== PROVIDED RECORDS ==

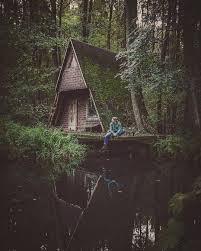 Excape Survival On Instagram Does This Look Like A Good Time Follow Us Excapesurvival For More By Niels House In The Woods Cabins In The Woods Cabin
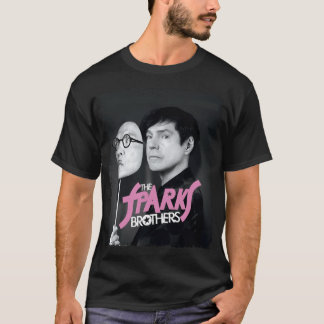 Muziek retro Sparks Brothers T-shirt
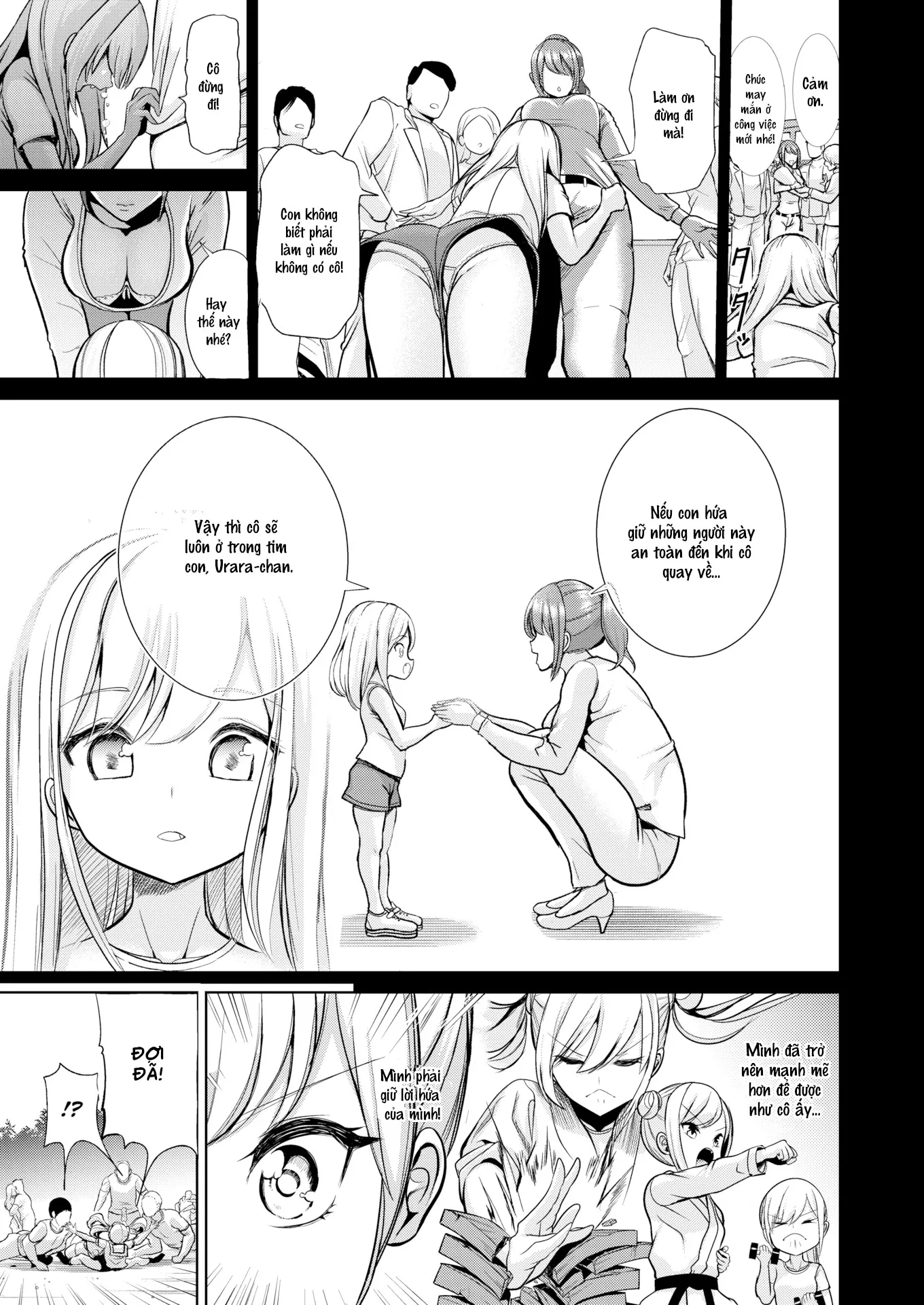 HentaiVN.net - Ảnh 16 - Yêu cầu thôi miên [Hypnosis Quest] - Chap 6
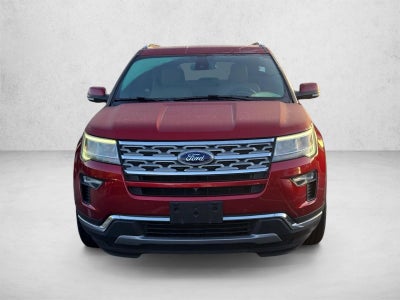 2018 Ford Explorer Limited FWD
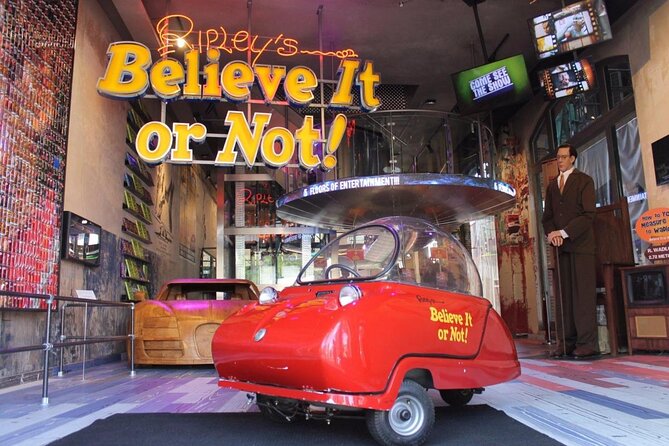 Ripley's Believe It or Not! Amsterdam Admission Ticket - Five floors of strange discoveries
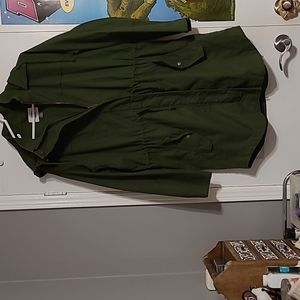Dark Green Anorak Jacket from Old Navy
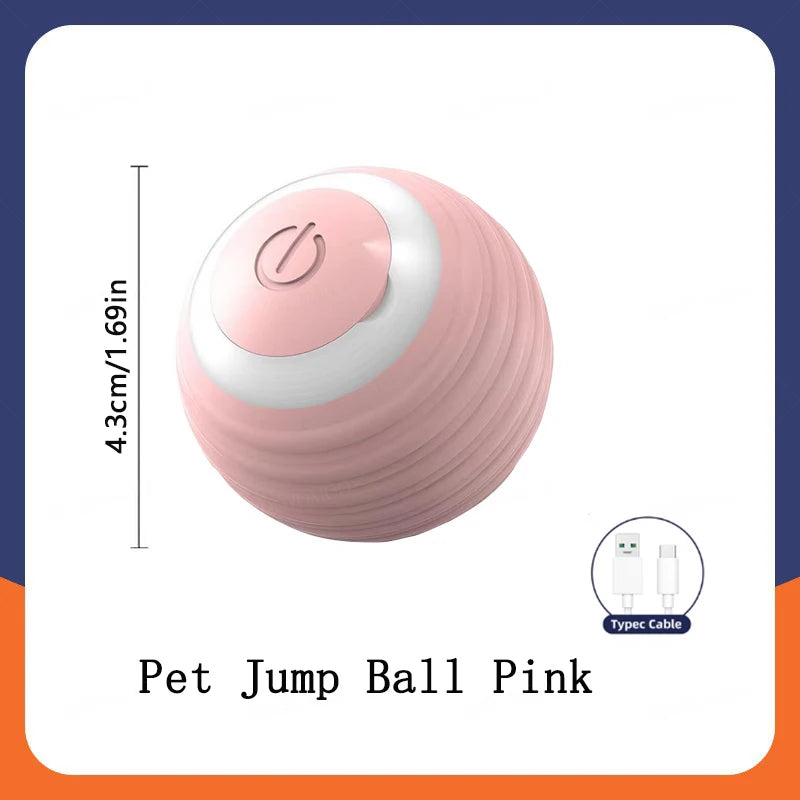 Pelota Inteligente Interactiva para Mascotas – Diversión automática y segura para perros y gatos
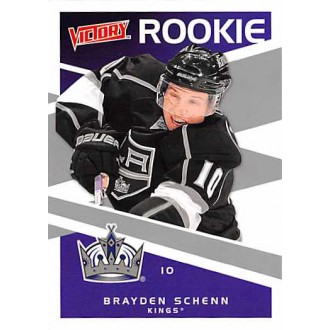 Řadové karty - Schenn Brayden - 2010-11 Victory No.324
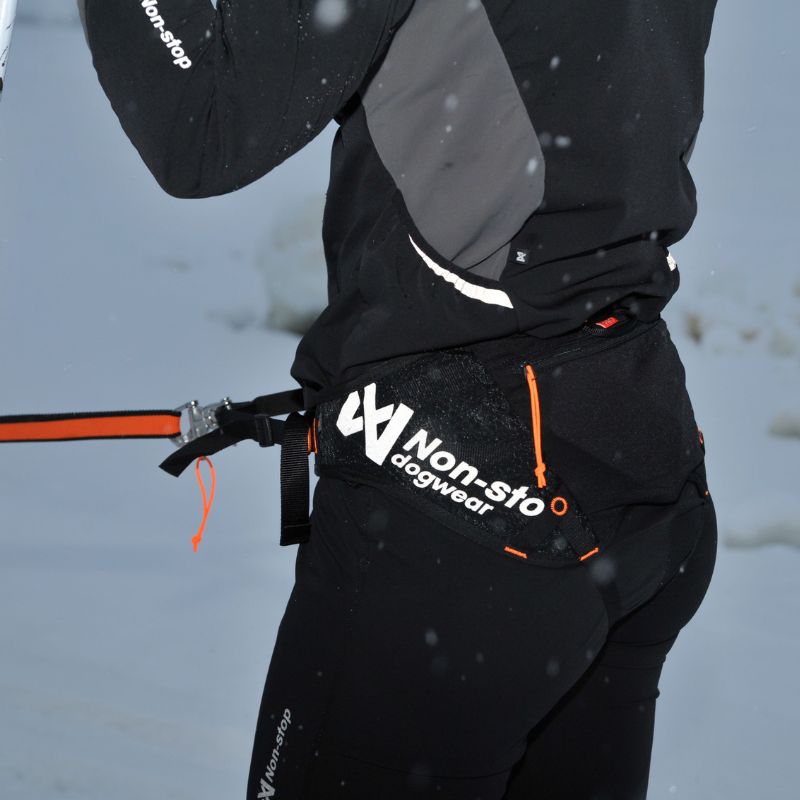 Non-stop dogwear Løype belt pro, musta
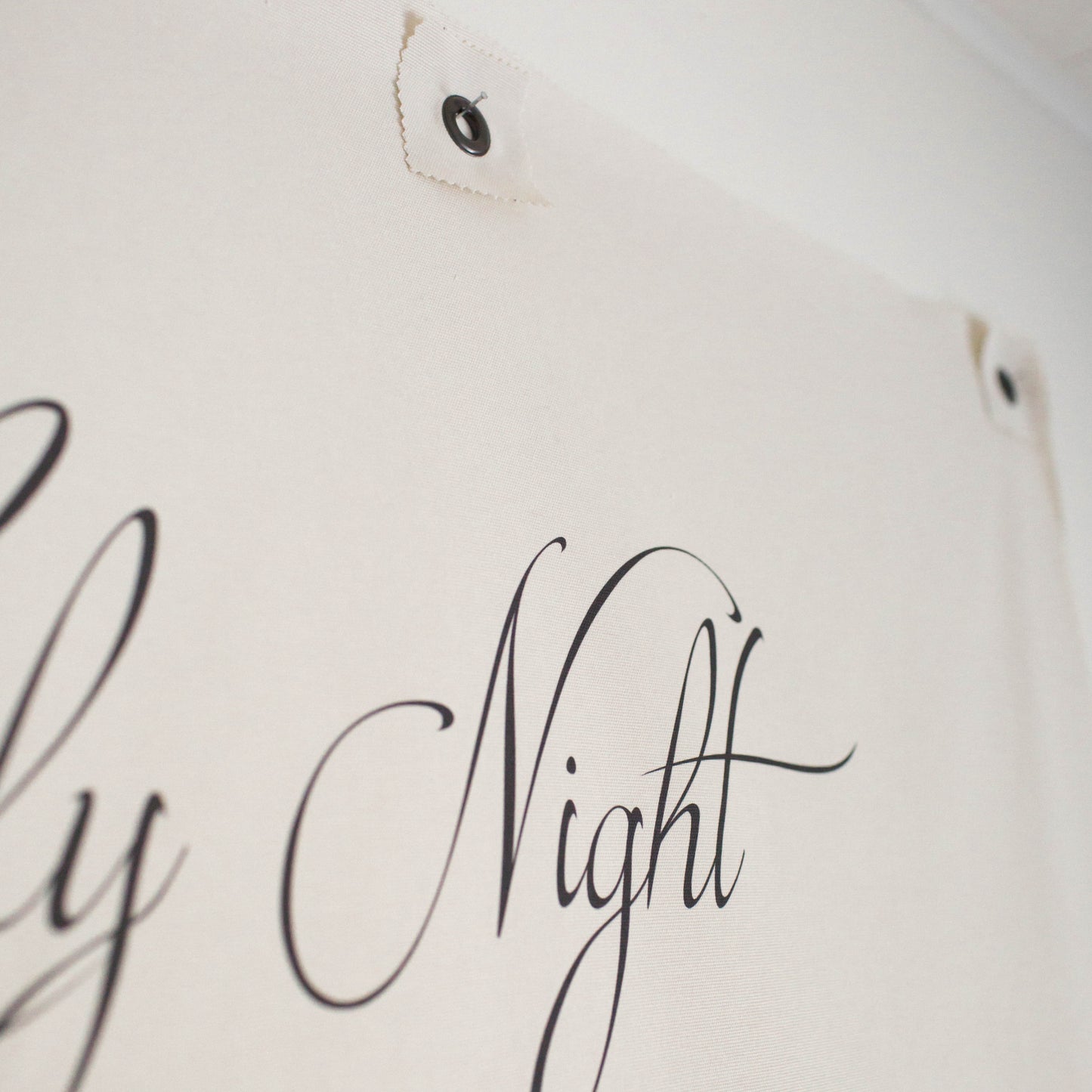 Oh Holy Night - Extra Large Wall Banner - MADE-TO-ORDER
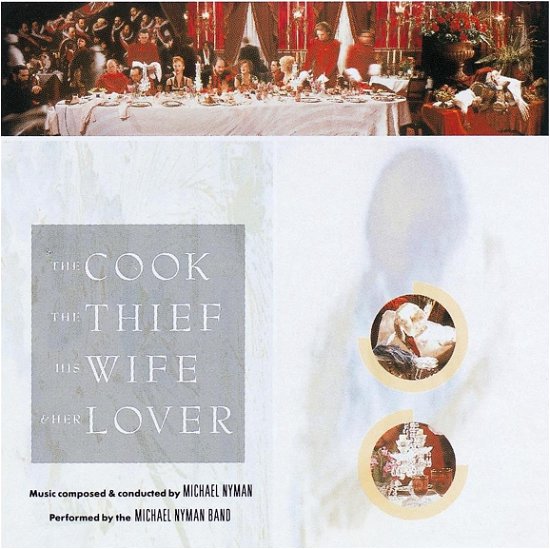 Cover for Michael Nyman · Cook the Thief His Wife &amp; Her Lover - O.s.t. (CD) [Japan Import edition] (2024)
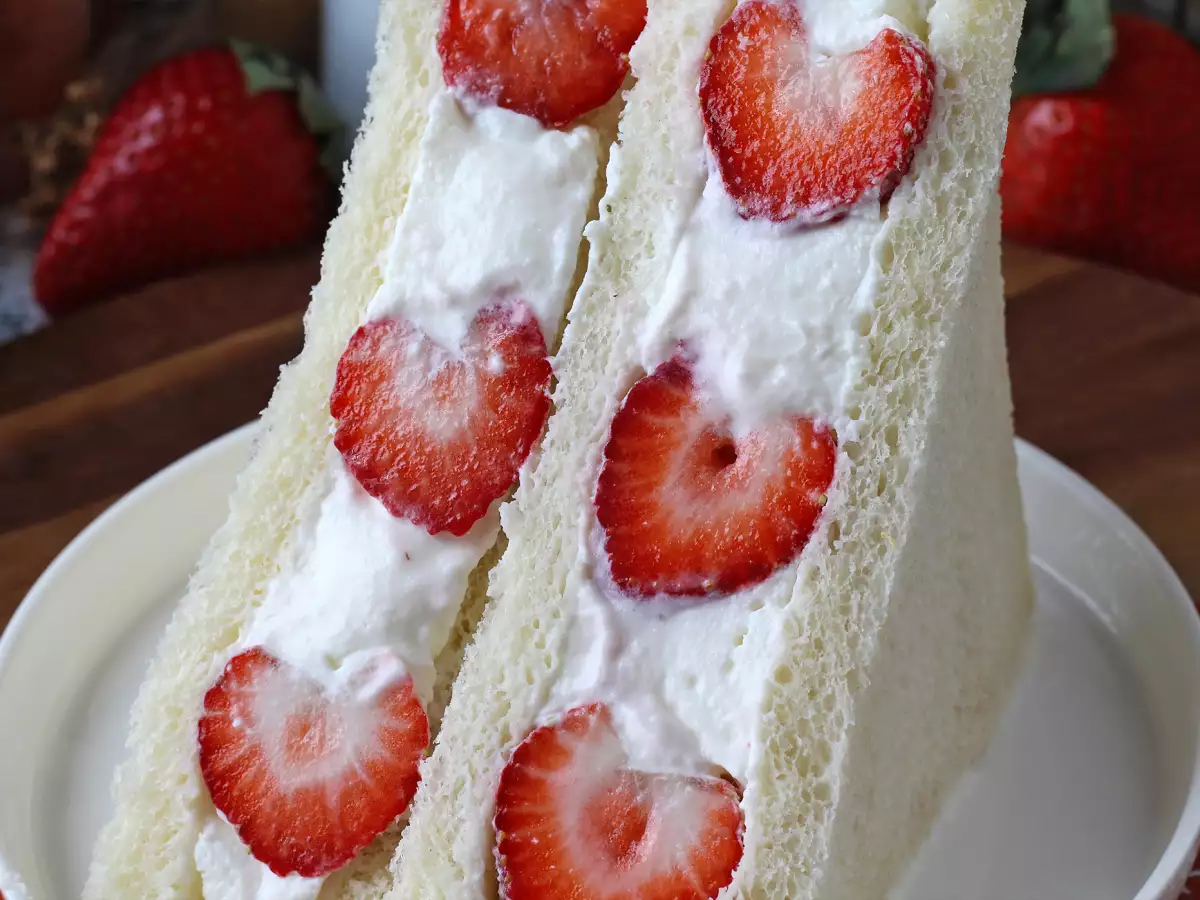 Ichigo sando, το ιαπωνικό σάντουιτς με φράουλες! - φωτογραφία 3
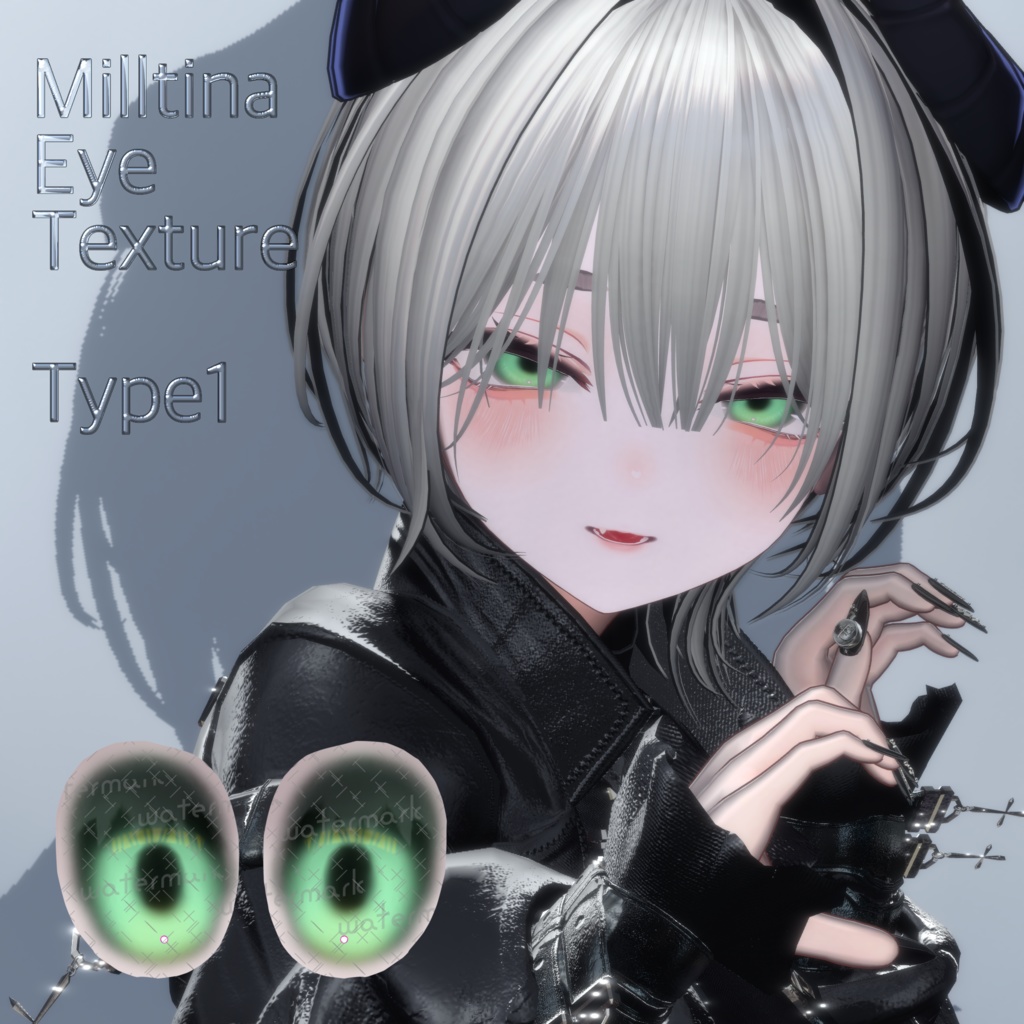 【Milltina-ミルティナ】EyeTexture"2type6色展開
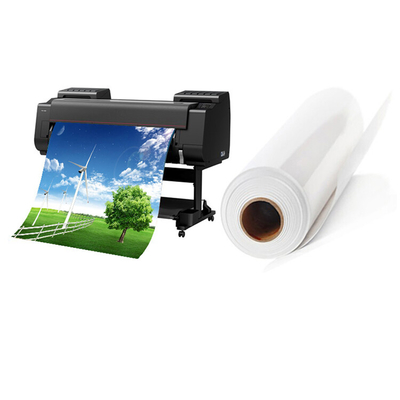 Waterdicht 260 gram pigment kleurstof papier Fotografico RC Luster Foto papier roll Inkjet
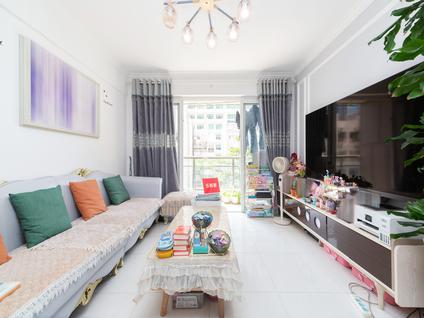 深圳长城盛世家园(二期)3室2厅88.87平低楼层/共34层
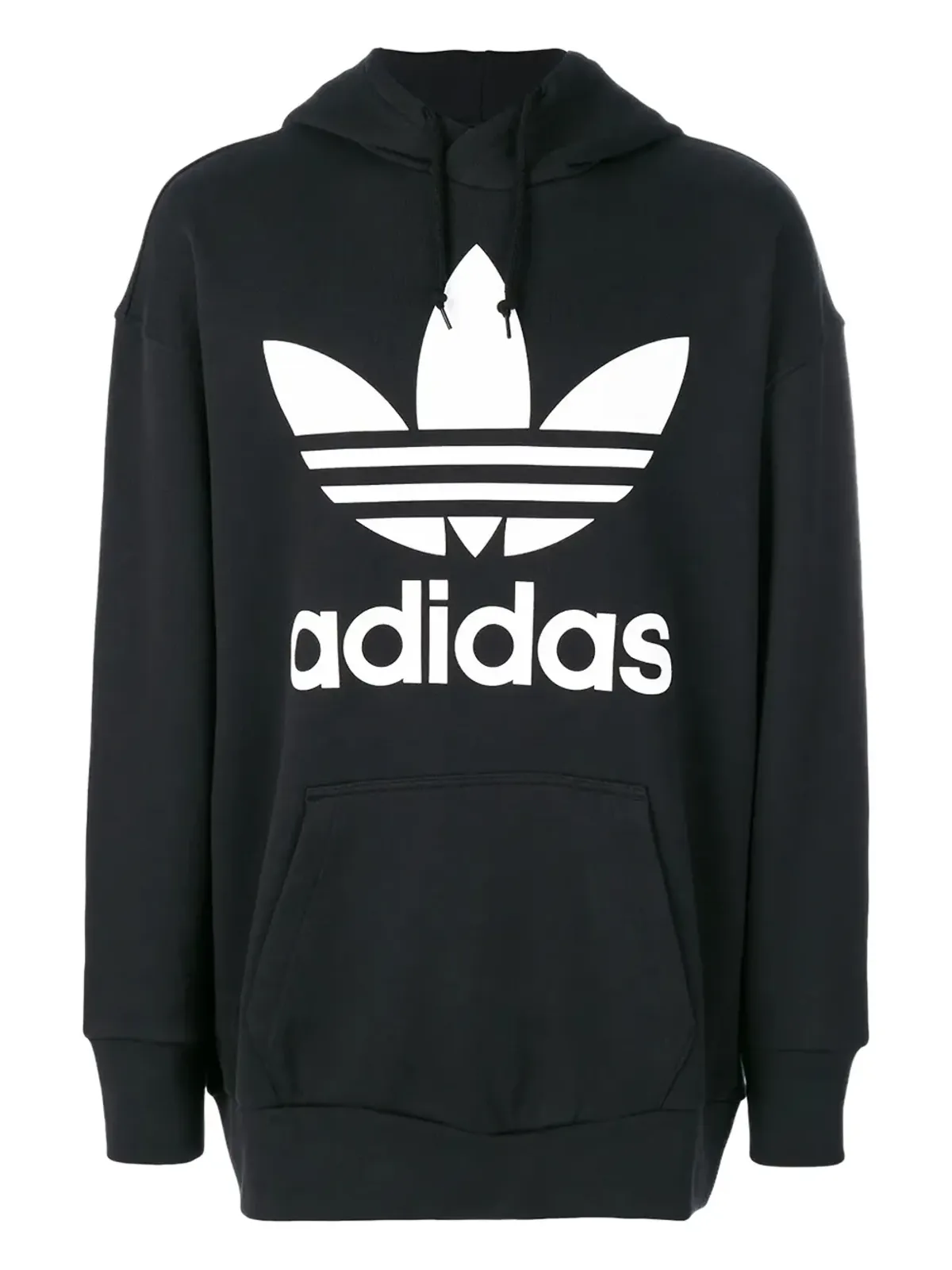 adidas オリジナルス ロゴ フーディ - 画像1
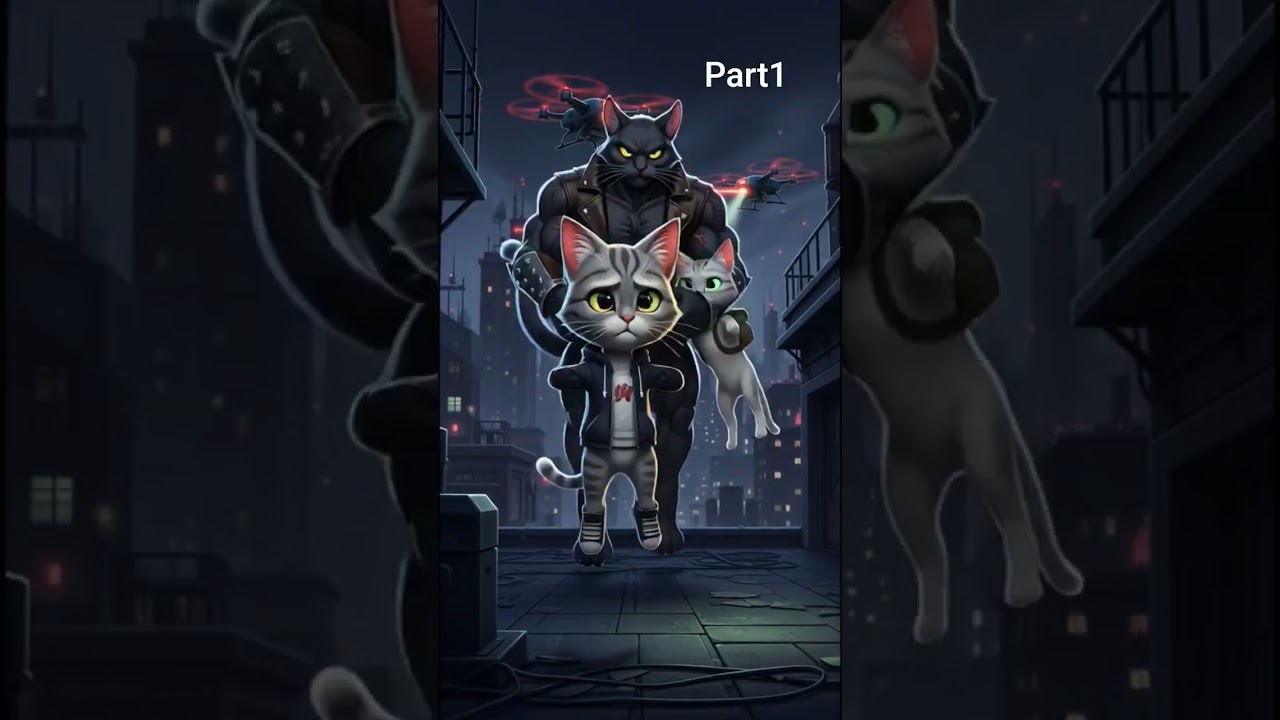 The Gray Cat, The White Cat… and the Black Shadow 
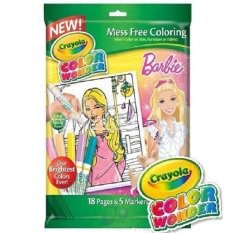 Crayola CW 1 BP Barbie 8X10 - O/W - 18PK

===

◆ WHAT THIS TASK INVOLVES
The response must repeat all the lines above exactly and include no pictures.

◆ EXERCISE ANSWER
 Excape Survival On Instagram Does This Look Like A Good Time Follow Us Excapesurvival For More By Niels House In The Woods Cabins In The Woods Cabin
 Muziek retro Sparks Brothers T-shirt
 HentaiVN.net - Ảnh 16 - Yêu cầu thôi miên [Hypnosis Quest] - Chap 6
 2018 Ford Explorer Limited FWD
 Ripley's Believe It or Not! Amsterdam Admission Ticket - Five floors of strange discoveries
Dark Green Anorak Jacket from Old Navy
 Pelota Inteligente Interactiva para Mascotas – Diversión automática y segura para perros y gatos
 Řadové karty - Schenn Brayden - 2010-11 Victory No.324
 Non-stop dogwear Løype belt pro, musta
 Oh Holy Night - Extra Large Wall Banner - MADE-TO-ORDER
 Cover for Michael Nyman · Cook the Thief His Wife &amp; Her Lover - O.s.t. (CD) [Japan Import edition] (2024)
 Ichigo sando, το ιαπωνικό σάντουιτς με φράουλες! - φωτογραφία 3
 【Milltina-ミルティナ】EyeTexture"2type6色展開
 Waterdicht 260 gram pigment kleurstof papier Fotografico RC Luster Foto papier roll Inkjet
 深圳长城盛世家园(二期)3室2厅88.87平低楼层/共34层
 adidas オリジナルス ロゴ フーディ - 画像1
 The Gray Cat, The White Cat… and the Black Shadow 
 Crayola CW 1 BP Barbie 8X10 - O/W - 18PK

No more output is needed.